Just as the Copper can alter graphics registers per scanline, it can:
- Change voice parameters at precise times
- Modulate filters rhythmically
- Trigger events sample-accurately
- Synchronize sound tightly with visuals
This enables effects that are:
- Extremely precise
- Impossible in software alone
- Characteristic of classic hardware systems
Jazz Integration (MIDI & Control)
The Jazz RP2350 acts as the real-time musical interface:
- USB MIDI
- DIN / DOUT /DTHRU MIDI (Creative Edition)
- Analog control pots
- Mouse and external controllers
- Live audio input
Jazz handles:
- MIDI parsing
- Sequencing
- Clocking
- Control data routing
It communicates with Razz and the SG2000 via SPI, presenting audio control as memory-mapped registers.
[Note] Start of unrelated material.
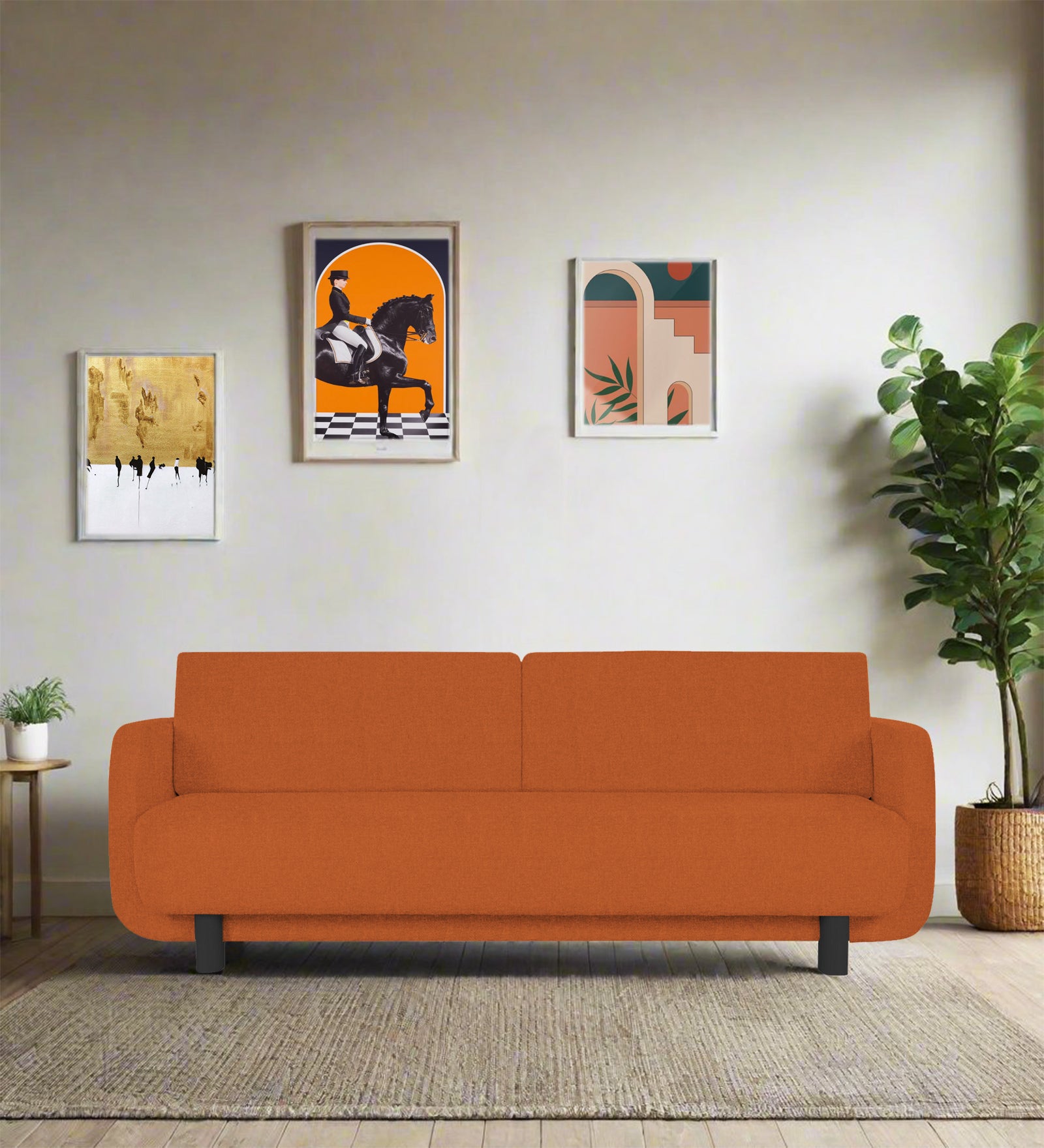 Amara Fabric 3 Seater Sofa In Vivid Orange Colour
Analysis and AI-Assisted Features
Audio analysis (such as note detection, transcription, and pattern recognition) is handled by:
- SG2000 CPU
- On-chip TPU ("AI chip")
This allows:
- Converting samples to note data
- Assisting composition
- Intelligent sequencing and rhythm generation
The FPGA does not perform heavy analysis — it focuses on deterministic sound generation.
Comparison to Modern Synthesizers
At a system level, Ant64 compares favourably to:
- High-end digital synthesizers
- Hybrid grooveboxes
- Modular software synths
Key differences:
- No plugin latency
- Deterministic timing
- Hardware-visible architecture
- Deep programmability
- Price point significantly lower
Unlike many modern synths, Ant64 is also:
- A full computer
- A graphics workstation
- A programmable hardware platform
Creative Intent
Ant64 is designed so that unexpected uses of sound are not only possible, but encouraged.
Just as the C64, Atari ST, and Amiga were adopted by musicians for reasons their designers did not fully anticipate, Ant64 aims to create the same conditions:
- Powerful but understandable hardware
- Constraints that inspire creativity
- Direct access to sound generation
- Tight coupling between audio, visuals, and interaction
The goal is not merely to reproduce classic sound — but to create the environment in which the next musical subculture can emerge.